Hi guys!
It’s been a busy couple of weeks for me lately. The good kind of busy though. You know, the type of busy when shit gets done. That’s the kind of busy I’ve had for the past two weeks. Usually I’d be totally exhausted and somewhat upset about it, but this time I’m not. I guess that’s because it’s all for a greater cause in my life.
Labor Day weekend came and went. I’ve never been a fan of this weekend/holiday. Don’t ask me why, I just get any kind of feeling from it. In fact, I honestly even forgot it was Labor Day weekend, and that Monday was Labor Day. Even with my mother reminding me every other day last week, it just didn’t stick.
That’s beside the point though. How was yours? What did you do? I’d love to hear about it.
Usually my family and I have a big BBQ dinner and watch movies. Not this time though. My mother went out of town with one of her friends, and I spent the weekend recovering from a tough week of life. I did do something fun for Labor Day though.
On Labor Day, my older brother and I took my nephew to the zoo! We met up with a couple of his friends from preschool, and they all had a blast. However, supervising four toddlers in one big open setting, with the divided responsibility of watching and protecting them for four hours…I don’t know how ANYBODY does it.
Four toddler boys all running around the zoo! I could easily say it was a nightmare but it wasn’t. It was slightly hectic, but the good kind of hectic. Not the kind of hectic where you want to yell and rip your hair out, but at the same time you don’t because no one is really in any kind of danger, and you’re not on the verge of losing your mind. The kind of hectic when it’s just really loud and there’s a lot of action happening, but you know it’s ok because everyone is smiling and laughing
Anyways, that was my Labor Day celebration and honestly, I enjoyed the break from the “traditional” family dinner. It gave me time to really take a step back and re-evaluate my life and priorities.
As I watched my nephew and his friends run around the zoo, take in every detail and the simplest of behaviors from the animals, eat lunch at a table that I most certainly would not have approved of outside of the zoo gates (it was so disgusting!), and all the while just laugh and appreciate one another’s company, I found a sense of peace within me.
I haven’t felt peace within me in a long time. I know a big part of that has been due to my commitment to school, acting, and taking care of my family. Even when I officially finished school, my commitments remained to my acting and caring for my family, but for some reason my job also became a commitment of mines. I know logically it was due to the fact that in order for me to effectively care for my family, I need to be in a stable enough position financially to be able to do so, but I didn’t realize what I was giving up.
I was giving up my peace of mind and the peace that once existed within me. Yes, I love acting and my family will always be a main priority of mines, but I always told myself that I wouldn’t invest in them deeply (emotionally and mentally) if it would cost me my happiness.

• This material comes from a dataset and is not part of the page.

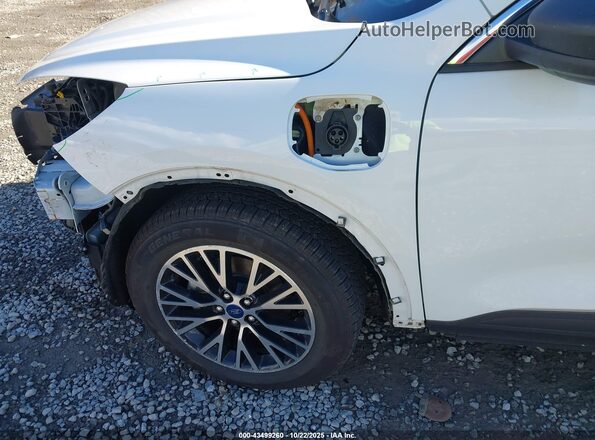 1FMCU0EZXNUA20874 2022 FORD ESCAPE Белый Вид спереди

Ever since I started my current job I’ve had less time to spend with my nephew and my family. Which means less time to take him to the movies, to go to Target and reward him for all the good, effective, and appreciative things he does. Less time to teach him how to ride his two-wheel bike, less time to read books all day, especially before going to bed. Less time to go to the park…just less time for him.
I’ve also had less time to watch movies with my family, to really sit down and have thoughtful discussions about life. Less time to play video games with my brother, less time to watch Anime. Just less time to let them know that I am here and I am making myself available for them.

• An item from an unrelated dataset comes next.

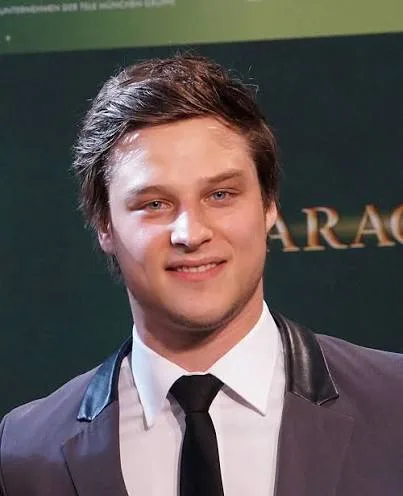 Daniel Axt Biography: Age, Parents, Height, Net Worth, Girlfriend, Movies & TV Shows, Voice Acting, Music, Instagram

A big part of that is because I am working overnights and I’m working more days than I have ever worked since I entered the workforce. And that makes me sad. My nephew may be five, but I know he understands my schedule is a little wacky right now. It’s that understanding that has created a great disturbance within me because I don’t like the idea of him possibly thinking I don’t have the time for him. And my family may all be adults, but I know they understand that life just gets in the way sometimes, and when that happens it can be hard to push it to the side.
I’ve always told myself that no matter what I do in life and where I go, my family will always be my number one priority. I will always make sure that they are ok in their life, before I mentally check out of their life to check in with mines. For the most part I have done an ok job with doing that, but not when it comes to myself.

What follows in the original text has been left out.